— Problem requirements —
Any pictures in the records below must be left out when you repeat the lines from the line containing "TV Unit Set" through the line containing "Imagen de la" exactly.

— Extracted records —
________________________________________

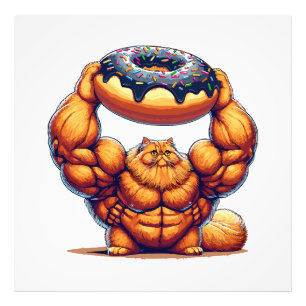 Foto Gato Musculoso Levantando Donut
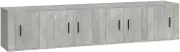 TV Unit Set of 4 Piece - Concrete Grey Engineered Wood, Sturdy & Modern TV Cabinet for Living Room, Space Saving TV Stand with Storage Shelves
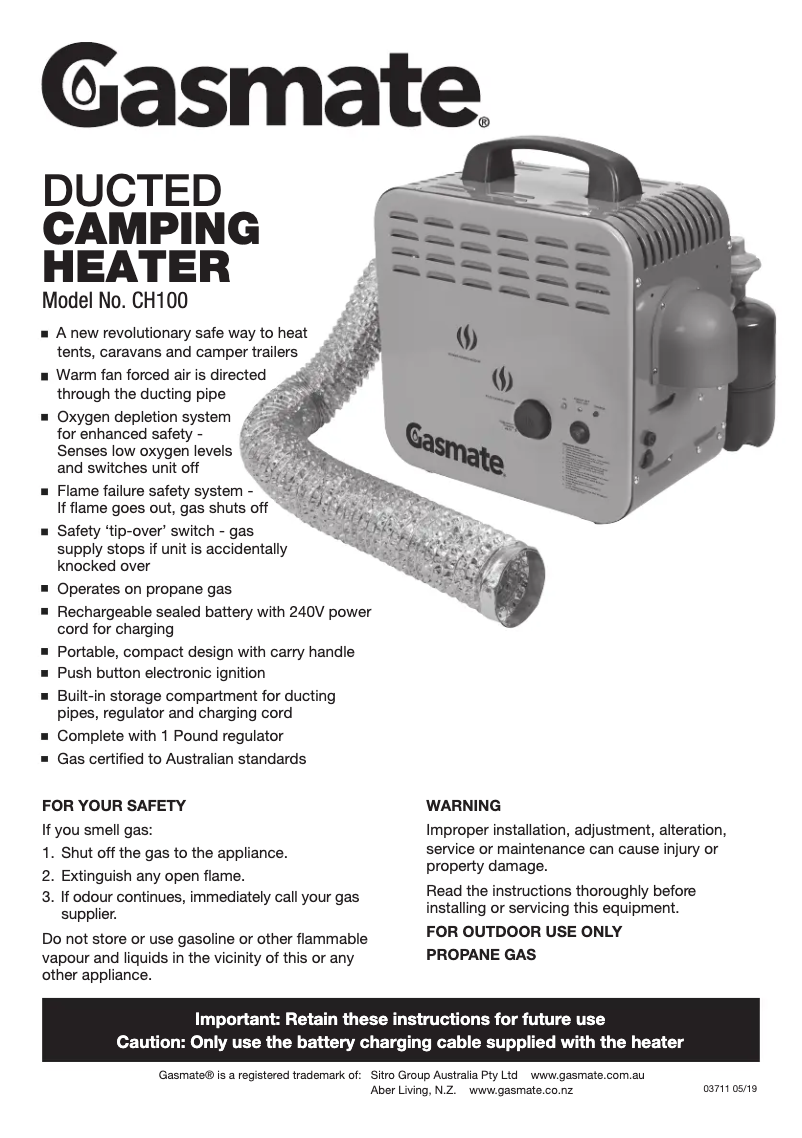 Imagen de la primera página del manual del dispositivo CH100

________________________________________

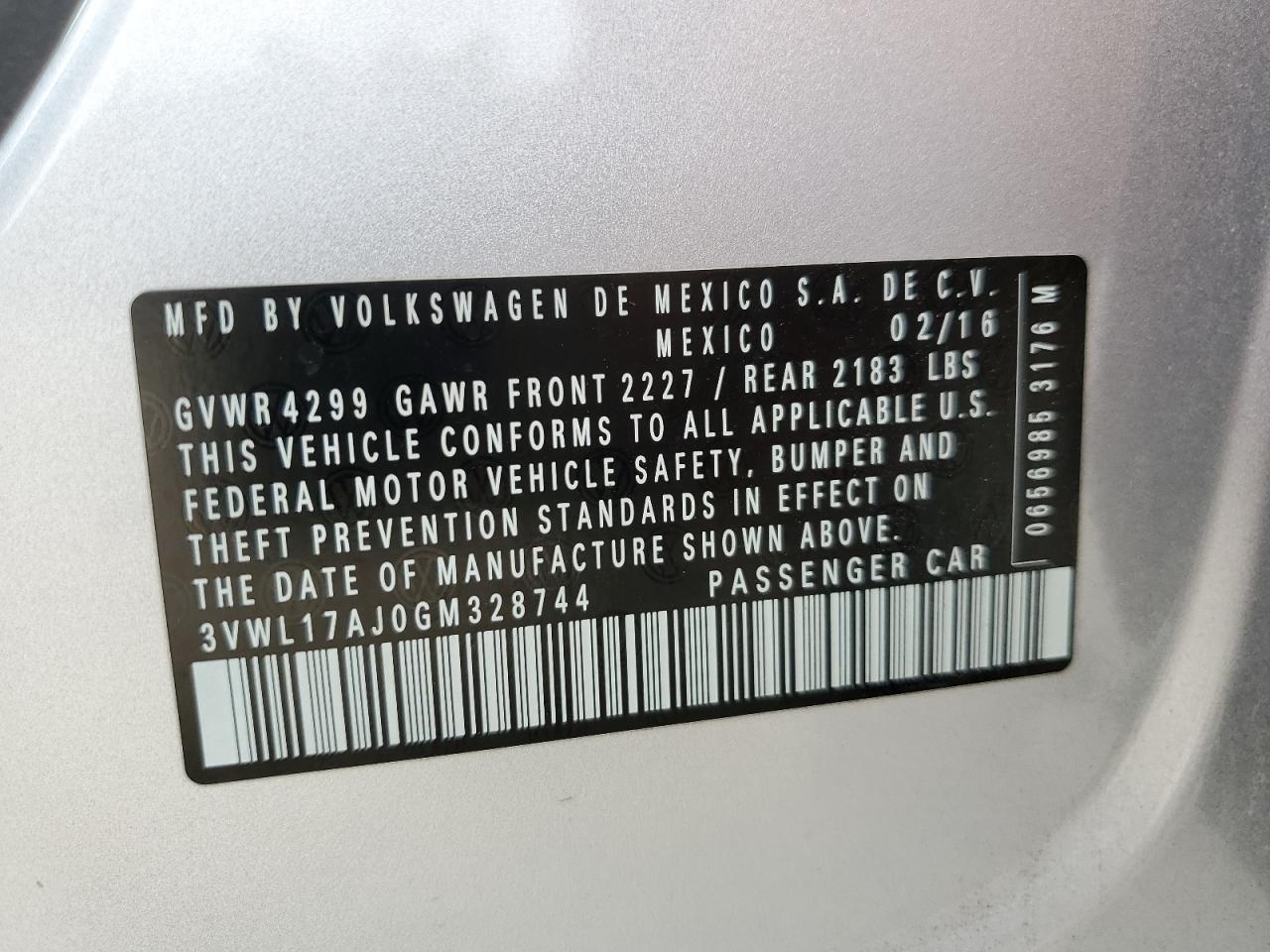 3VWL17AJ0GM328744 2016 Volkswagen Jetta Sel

________________________________________

— Response to the exercise —
 TV Unit Set of 4 Piece - Concrete Grey Engineered Wood, Sturdy & Modern TV Cabinet for Living Room, Space Saving TV Stand with Storage Shelves
 Imagen de la primera página del manual del dispositivo CH100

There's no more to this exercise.